A user loads a webpage. Within 100 milliseconds, an auction happens, a bid is won, a creative is selected, and an ad appears. Most people in digital advertising couldn’t explain exactly what happened in those 100ms. This is that explanation.
Advertiser: Wants to reach a specific audience. DSP (Demand-Side Platform): The advertiser’s buying technology — Xandr, DV360, The Trade Desk. SSP (Supply-Side Platform): The publisher’s selling technology — Google Ad Manager, Magnite, PubMatic. Ad Exchange: The marketplace where DSPs and SSPs connect. DMP (Data Management Platform): Audience data layer — Oracle, Lotame, Zeotap. Ad Server: Trafficking and measurement — Campaign Manager 360.

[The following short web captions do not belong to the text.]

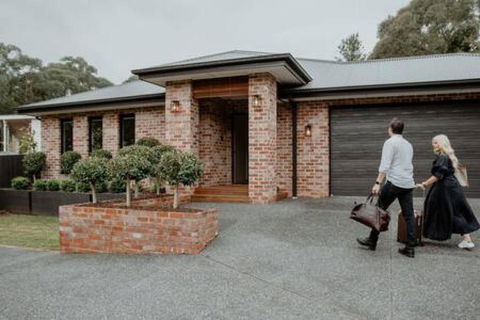 BADGER HOUSE - 4 Bed, 4 Bath, Stunning Entertainer Plus Fire - Phillip Island Accommodation 1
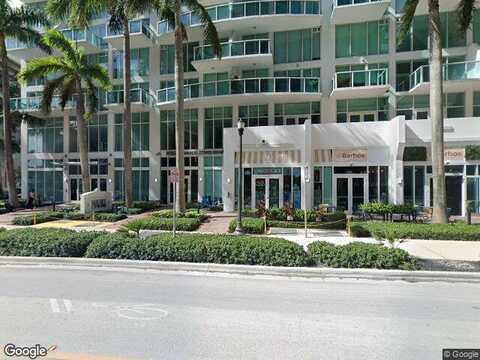 5Th, MIAMI, FL 33131
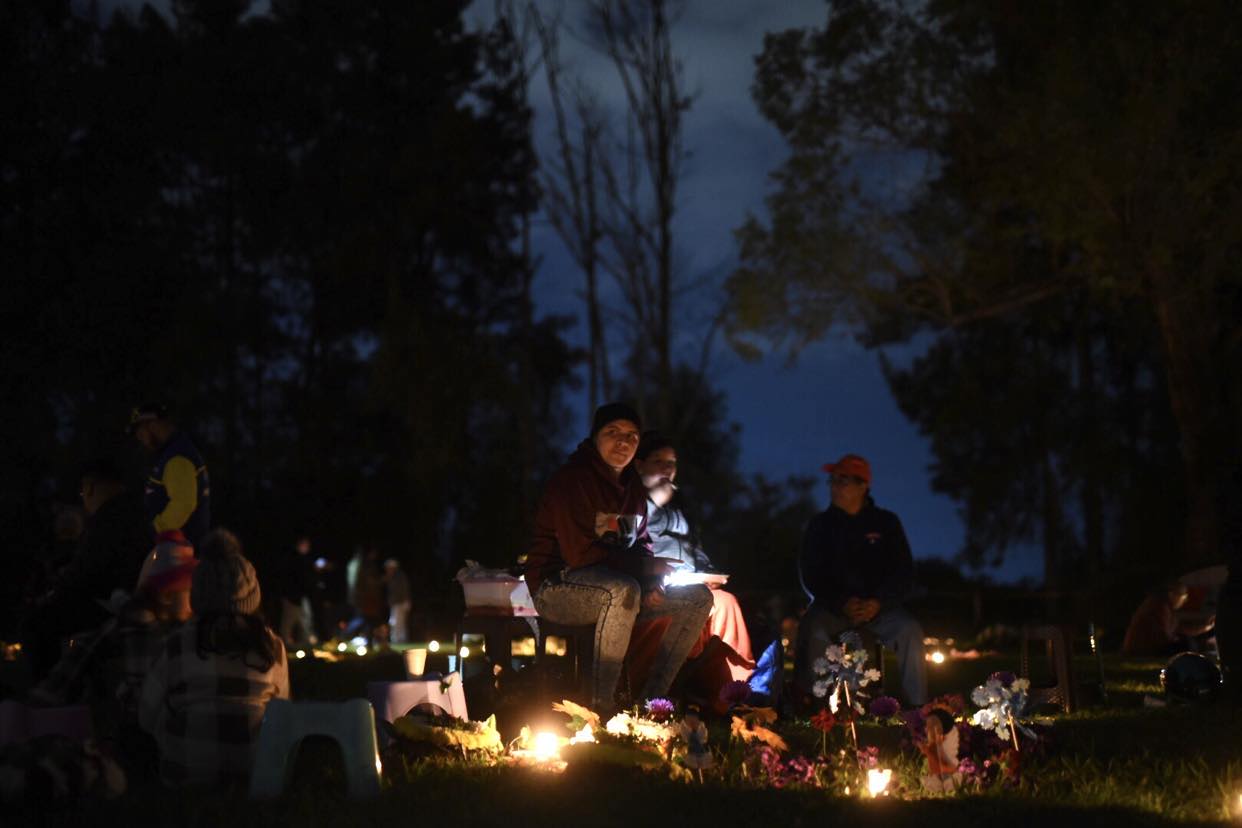 homenaje-luz-cementerio-los-parques-3 |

Step 1: User loads page — SSP fires a bid request containing the URL, ad slot size, user ID, contextual signals, and floor price. Step 2: Bid request goes to exchanges — SSP sends to multiple ad exchanges simultaneously. Step 3: DSPs receive the bid request — DSP queries targeting criteria. Does this user match? What’s the bid strategy? Step 4: Bid responses — DSPs respond with a bid price and creative ID within 80-100ms. Step 5: Auction clears — highest bidder wins, pays second-highest price plus $0.01 (second-price auction). Step 6: Creative serves — winning DSP’s ad server delivers the creative. Impression trackers and verification tags (IAS, MOAT) fire simultaneously.
Traditional waterfall programmatic ran DSPs sequentially. Header Bidding changed this by running all DSP auctions simultaneously before the ad server makes its decision. Result: higher yield for publishers, more competitive pricing for buyers. It’s one of the most important innovations in programmatic history.
Every product decision in the programmatic stack touches this flow. Floor price changes affect bid density. New ad formats change bid request parameters. Identity changes (cookieless) change what signals are available. Understanding the stack at this level is what separates AdTech PMs who build features from those who architect platforms.